Subject: tlp driver receive ring overruns
To: None <tech-net@netbsd.org>
From: Andreas Johansson <ajo@wopr.campus.luth.se>
List: tech-net
Date: 11/10/2000 12:24:32
For anyone suffering from this problem, I've forwarded my PR reply here,
see below. For some reason my PR reply hasn't shown in the PR database
yet, have I done something wrong or is the processing just slow?

/Andreas

---------- Forwarded message ----------
Date: Fri, 10 Nov 2000 11:12:12 +0100 (CET)
From: Andreas Johansson <ajo@wopr.campus.luth.se>
To: gnats-bugs@netbsd.org
Cc: wolfgang@wsrcc.com, dave@dtsp.co.nz
Subject: Re: kern/10764

I believe I've tracked down the source to this problem.

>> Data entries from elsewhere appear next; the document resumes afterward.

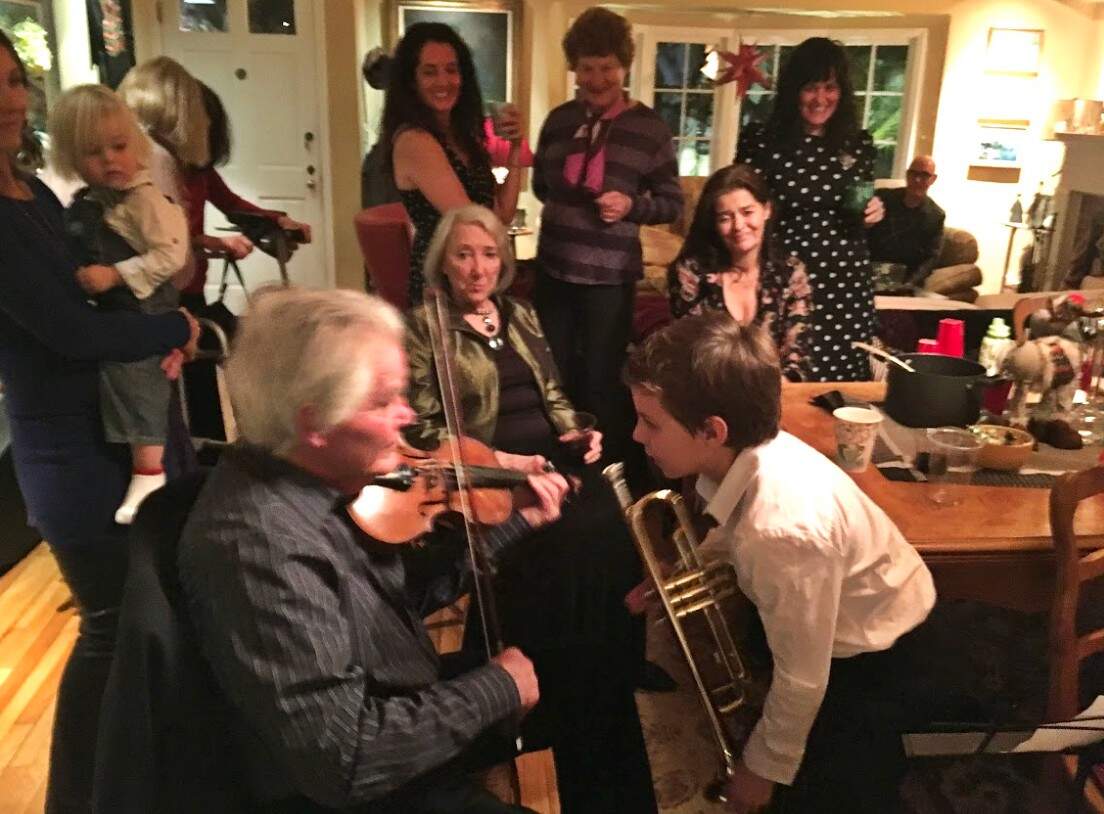 A scene from the author's family's annual Christmas Eve party at their home in the Pacific Palisades. The author's late father, Michael Meyer, is playing the violin. (Courtesy Andrea Meyer)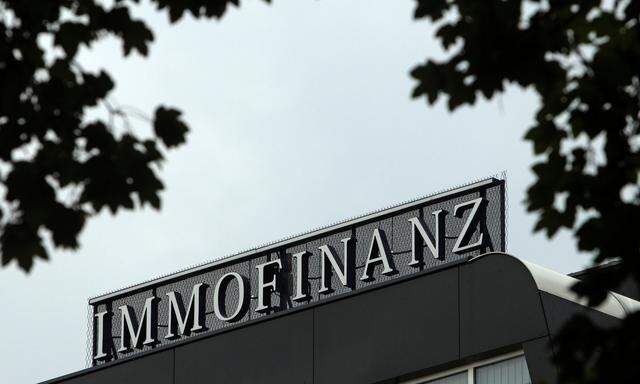FILE PHOTO: The logo of Austrian real estate group Immofinanz is pictured on top of the company's headquarters building in Vienna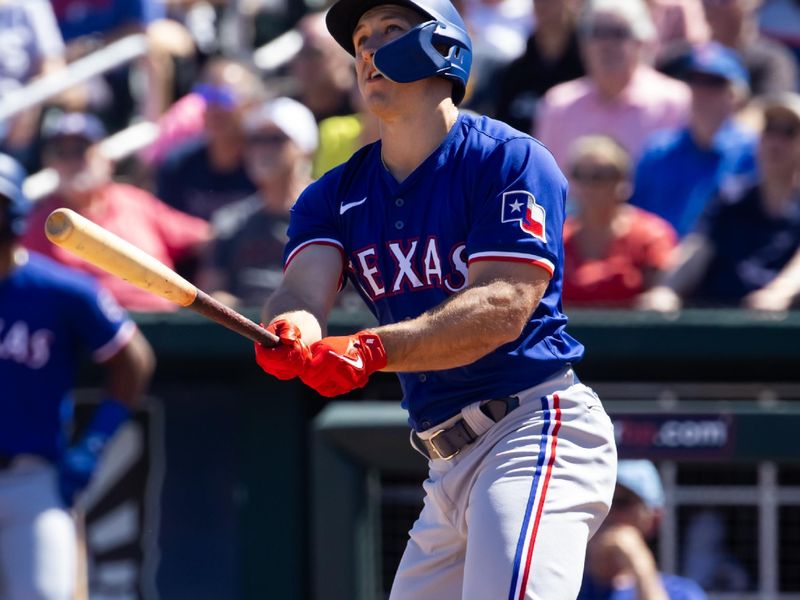 Mar 20, 2024; Goodyear, Arizona, USA; Texas Rangers outfielder Wyatt Langford hits a home run against the Cincinnati Reds during a spring training baseball game at Goodyear Ballpark. Mandatory Credit: Mark J. Rebilas-USA TODAY Sports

Here's what I think happens:

1. The tulip gets an overrun interrupt.
2. The overrun handling code takes the current polling position in the
   decriptor ring and writes it back into the chip using
   TULIP_WRITE(sc, CSR_RXLIST, TULIP_CDRXADDR(sc, sc->sc_rxptr));
3. The CSR_RXLIST contains a pointer to the beginning of the receive
   descriptor ring, and therefore this will become the new first position
   in the list. This makes the list sc->sc_rxptr entries smaller than
   before from the tulip's sense of view.
4. Goto 1

After repeating several times there will be only one descriptor left in
the list.

I haven't verified that the tulip can take underruns after my bugfix,
but it clearly looks like a bug to me, and it has happened to me several
times in an environment with a somewhat loaded server that is slower than
it's clients. This server produced about 3500 underruns per 10 minutes
yesterday even with minimal load.

I'd upgrade the criticality of this bug - my machine is a pretty bad NFS
server after this has happened.

Here is a patch that should solve this problem:

-----------
--- tulip.c.orig	Fri Nov 10 03:05:36 2000
+++ tulip.c	Fri Nov 10 03:10:56 2000
@@ -1154,6 +1154,19 @@
 				/* Get the receive process going again. */
 				if (sc->sc_tdctl_er != TDCTL_ER) {
 					tlp_idle(sc, OPMODE_SR);
+#if 1
+					/* BUGFIX: Don't reset beginning of
+					   list to current position! The 
+					   descriptor ring will become smaller
+					   and smaller from the tulip's sense
+					   of view. /ajo */
+
+					/* Make sure all packets are received */
+					tlp_rxintr(sc);
+
+					/* Reset list pointer to beginning */
+					sc->sc_rxptr = 0;
+#endif
 					TULIP_WRITE(sc, CSR_RXLIST,
 					    TULIP_CDRXADDR(sc, sc->sc_rxptr));
 					TULIP_WRITE(sc, CSR_OPMODE,
-----------

/Andreas